En mi preadolescencia, siendo la más chica de cinco primas que tenían una fascinación por el terror, miraba todas las películas que ellas veían aún sabiendo que en medio de la noche querría ir al baño y por miedo me aguantaría hasta la primera luz del día.
Pero con el paso del tiempo los temores a lo paranormal, a monstruos escondidos dentro del armario fueron perdiendo fuerza y le fueron dando lugar a otros miedos más reales, más concretos, más espeluznantes: los seres humanos.
Ser consciente de ese tránsito personal es lo que me lleva hoy a querer hablar de la obra de Guillermo Del Toro El laberinto del fauno (2006).

Esta película del director mexicano conjuga fantasía y realidad para suscitar una pregunta: ¿Cuáles son los verdaderos monstruos?
La realidad relatada por Guillermo Del Toro
El laberinto del fauno se sitúa en una España post guerra civil, con la dictadura de Franco y un régimen semifascista instaurándose mientras hay focos de la resistencia republicana aún encendidos. Pero lo interesante es que Del Toro nos da acceso a ese contexto tan complejo a través de los ojos inocentes de una niña: Ofelia.

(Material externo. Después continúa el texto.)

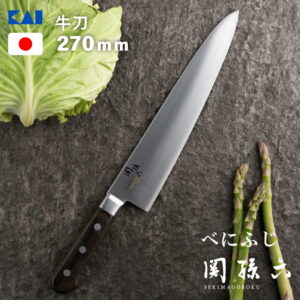 貝印 関孫六 べにふじ 牛刀包丁 270mm AB5443 キッチンナイフ 包丁 料理 クッキング 日本製 日本 国産 本格派 高級感鋭い切れ味 人気 おすすめ 本通し 高級 調理道具 家庭用包丁 錆びにくい ギフト 贈り物 プレゼント 実用的 喜ばれる
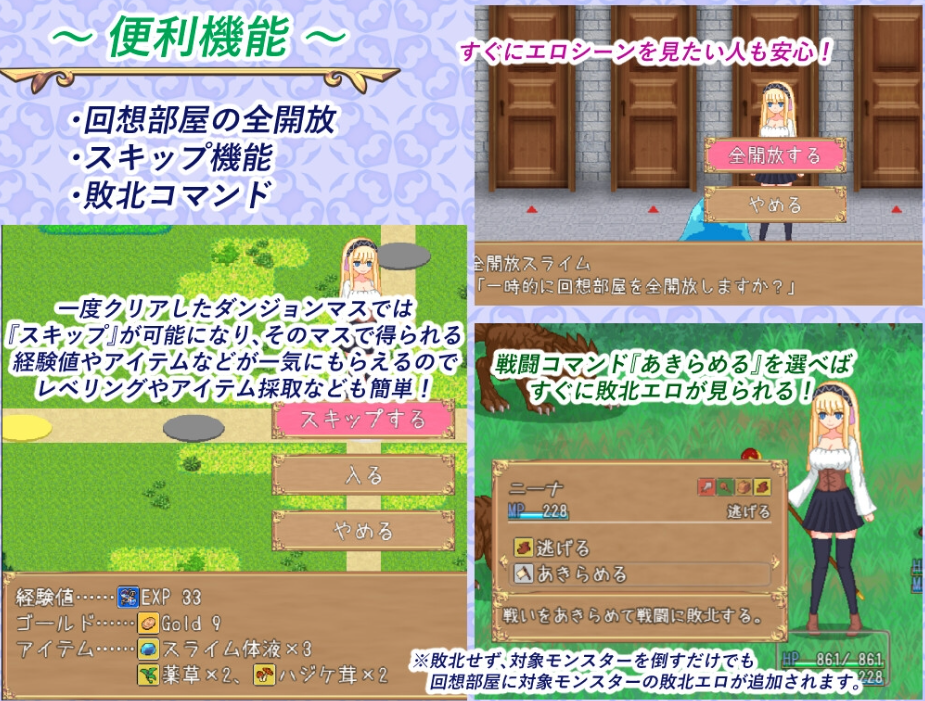 图片[2]-【日式RPG/像素动态/PC】炼金生活 錬金ライフ AI汉化版 [PC]-破次元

¿Es quizás la elección del nombre Ofelia una referencia directa a la tragedia de Shakespeare Hamlet? Claro que sí.
Ofelia y su madre Carmen se mudan al campo. Allí viven junto al marido de Carmen y padrastro de Ofelia el capitán Vidal, un general franquista dispuesto a sofocar a la resistencia maqui a como dé lugar.
Esa realidad marcada por la pérdida, el hambre y la capacidad casi nula de imaginar un futuro mejor, se alterna con la fantasía de una niña de once años. Esa fantasía, aunque también bastante espeluznante, funciona como escape y refugio para Ofelia.
El laberinto, el fauno y una princesa perdida
Desde el comienzo de la película sabemos que un rey espera el regreso del alma de su hija, reencarnada en el mundo humano, para reunirse nuevamente con ella.
Ofelia se encuentra con el fauno y este le dice que deberá pasar tres pruebas para poder retornar a su reino y reencontrarse con los suyos.

Un sapo gigante, un monstruo pálido con ojos en la palma de las manos y un fauno. Son monstruos pero no por su apariencia sino por lo que simbólicamente significan.
Hay quienes asocian al sapo con el sistema patriarcal y quienes lo relacionan con la bota del franquismo que asfixiaba a la sociedad española (y ambas miradas me parecen válidas e interesantes); al monstruo pálido en relación a la hambruna que azotaba a la mayoría del pueblo en 1944, mientras los altos poderes gozaban de privilegios; y al fauno a la cadena de poder militar y la necesidad de la reflexión y la desobediencia puesta en escena cuando Ofelia se niega a derramar sangre inocente.

Sin embargo el verdadero monstruo en el filme de Del Toro es el Capitán Vidal. Este personaje representa la crueldad, el autoritarismo más furibundo y el machismo más encarnizado.

El laberinto del fauno nos muestra que los monstruos más espeluznantes no son los que viven en la sombra, debajo de la cama o dentro del armario. Algunos de los monstruos más temibles llevan uniforme, quizás túnicas o tal vez traje, pero siempre, inevitablemente, tienen en sus manos mucho poder.
Volviendo al tema inicial, personalmente me di cuenta cuáles eran los verdaderos monstruos cuando dejé de temerle tanto a la oscuridad y empecé a temerle a eso que está a la vista de todos pero nadie ve: la pasividad, el dejarnos derrotar por el hecho de que “las cosas son así y no van a cambiar”, el bajar los brazos, el no desobedecer, el no luchar. Ese para mí es el peor monstruo.